这样做的原因是允许您对类类型的r值调用成员函数(甚至非const成员函数),而foo的赋值是一个实现定义的成员函数:foo&foo:operator=(const foo&)。第5条中对操作符的限制仅适用于内置操作符(5 [expr] / 3),如果重载解析为一个操作符选择了一个重载函数调用,那么该函数调用的限制将取而代之。
This is why it is sometimes recommended to return objects of class type as const objects (e.g. const foo q();), however this can have a negative impact in C++0x where it can inhibit move semantics from working as they should.
这就是为什么有时建议将类类型的对象返回为const对象(例如const foo q();),但是这可能会对c++ 0x产生负面影响,在c++ 0x中,这可能会抑制移动语义的正常工作。
#2
8
Because structs can be assigned to, and your q() returns a copy of struct foo so its assigning the returned struct to the value provided.
因为可以为struct赋值,而q()返回struct foo的副本,因此它将返回的struct赋值给所提供的值。

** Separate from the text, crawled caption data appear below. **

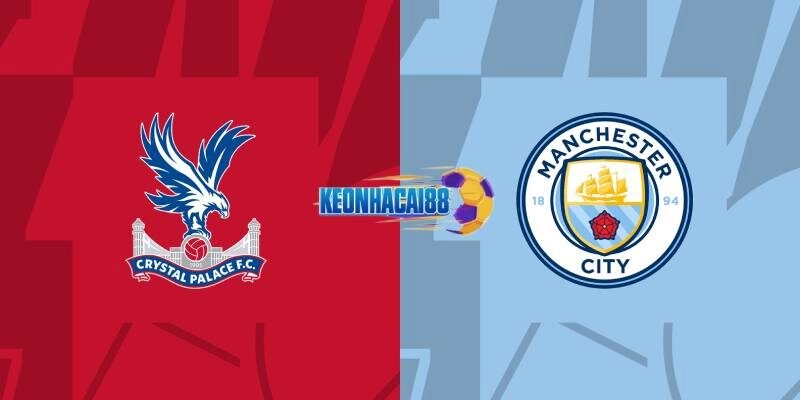 Soi kèo Crystal Palace vs Man City, 22h30 ngày 17/5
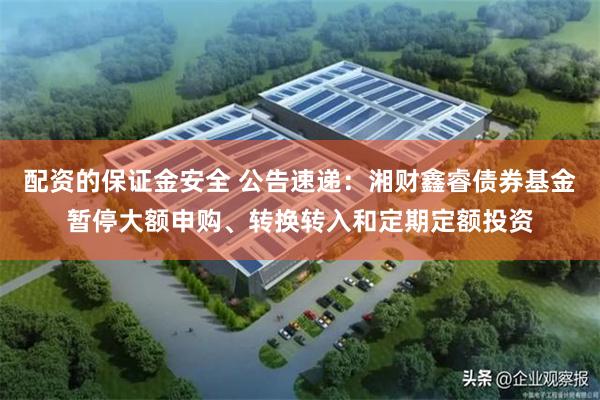 配资的保证金安全 公告速递：湘财鑫睿债券基金暂停大额申购、转换转入和定期定额投资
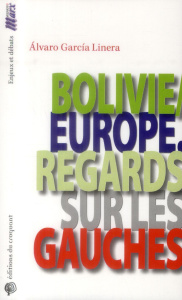Bolivie/Europe. Regards sur les gauches - Garcia Linera Alvaro ; Weber Louis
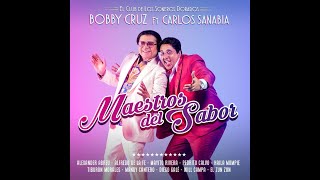 Maestros del Sabor Bobby Cruz ft Carlos Sanabia [upl. by Narual]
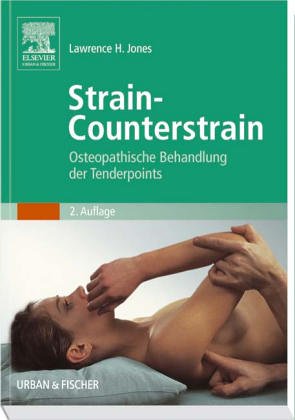 9783437562204: Strain- Counterstrain. Osteopathische Behandlung der Tenderpoints.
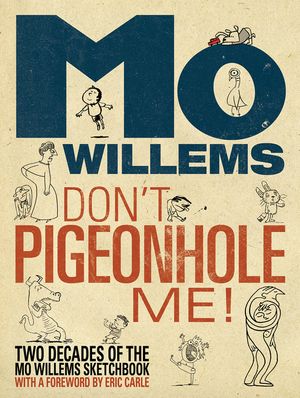 Don't Pigeonhole Me! (Two Decades of the Mo Willems Sketchbook) image number 0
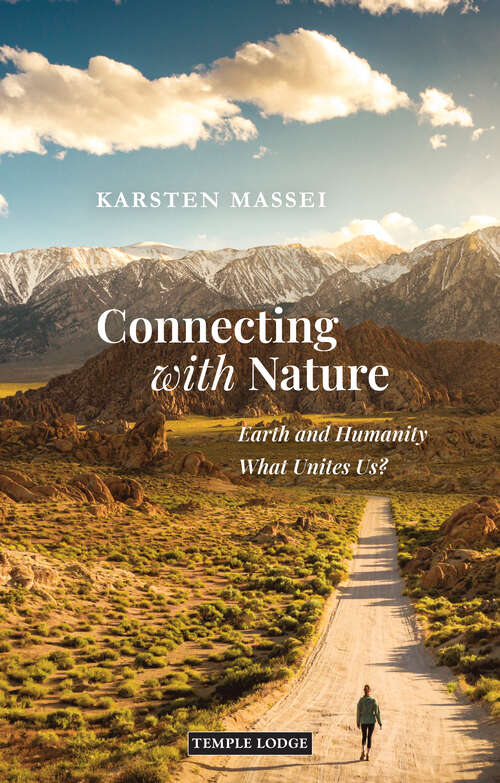 Book cover of Connecting with Nature: Earth and Humanity – What Unites Us?
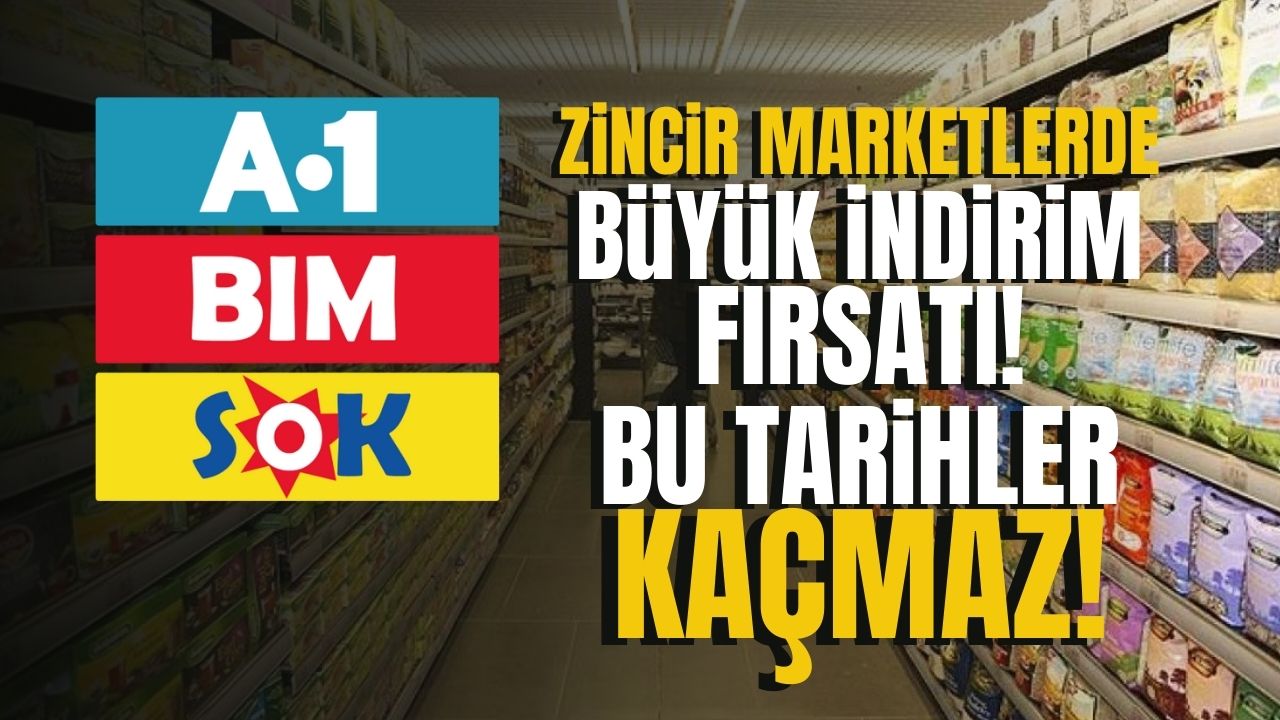 BİM, A-101, ŞOK zincir marketlerinde indirim fırsatı! Bu tarihleri kaçırmayın...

This doesn't really do anything in this case thought because the struct falls out of scope afterwards and you don't keep a reference to it in the first place so you couldn't do anything with it anyway (in this specific code).
在这种情况下,它不会做任何事情,因为结构体之后会超出范围,而且你不会在一开始就对它进行引用,所以无论如何你都不能对它做任何事情(在这个特定的代码中)。

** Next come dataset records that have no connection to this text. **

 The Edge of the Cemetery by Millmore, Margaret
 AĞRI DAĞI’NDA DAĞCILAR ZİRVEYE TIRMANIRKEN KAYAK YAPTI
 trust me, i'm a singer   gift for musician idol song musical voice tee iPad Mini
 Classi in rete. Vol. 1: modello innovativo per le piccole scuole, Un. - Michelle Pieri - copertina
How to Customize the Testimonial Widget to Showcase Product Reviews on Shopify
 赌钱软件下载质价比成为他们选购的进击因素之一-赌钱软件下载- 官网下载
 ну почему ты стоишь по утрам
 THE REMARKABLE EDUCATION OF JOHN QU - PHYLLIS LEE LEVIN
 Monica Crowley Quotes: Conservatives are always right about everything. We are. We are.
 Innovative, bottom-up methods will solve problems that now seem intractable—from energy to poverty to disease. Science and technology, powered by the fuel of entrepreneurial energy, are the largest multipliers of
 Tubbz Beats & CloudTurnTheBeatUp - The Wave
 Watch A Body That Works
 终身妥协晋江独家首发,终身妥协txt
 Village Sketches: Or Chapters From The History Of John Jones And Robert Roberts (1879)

This makes more sense (though still not really a "best practice")
这更有意义(尽管还不是真正的“最佳实践”)
struct foo
{
int a;
};
foo* q() { foo *f = new malloc(sizeof(foo)); f->a = 4; return f; }
int main()
{
foo i;
i.a = 5;
//sets the contents of the newly created foo
//to the contents of your i variable
(*(q())) = i;
}
#3
5
One interesting application of this:
一个有趣的应用是:
void f(const std::string& x);
std::string g() { return "<tag>"; }
...
f(g() += "</tag>");
Here, g() += modifies the temporary, which may be faster that creating an additional temporary with + because the heap allocated for g()'s return value may already have enough spare capacity to accommodate </tag>.
在这里,g() +=修改临时的,这可能更快地创建一个附加的临时与+,因为为g()的返回值分配的堆可能已经有足够的空闲容量来容纳。
See it run at ideone.com with GCC / C++11.
请参见在ideone.com上运行的GCC / c++ 11。
Now, which computing novice said something about optimisations and evil...? ;-].
现在,哪个计算机新手说过优化和邪恶……?;-)。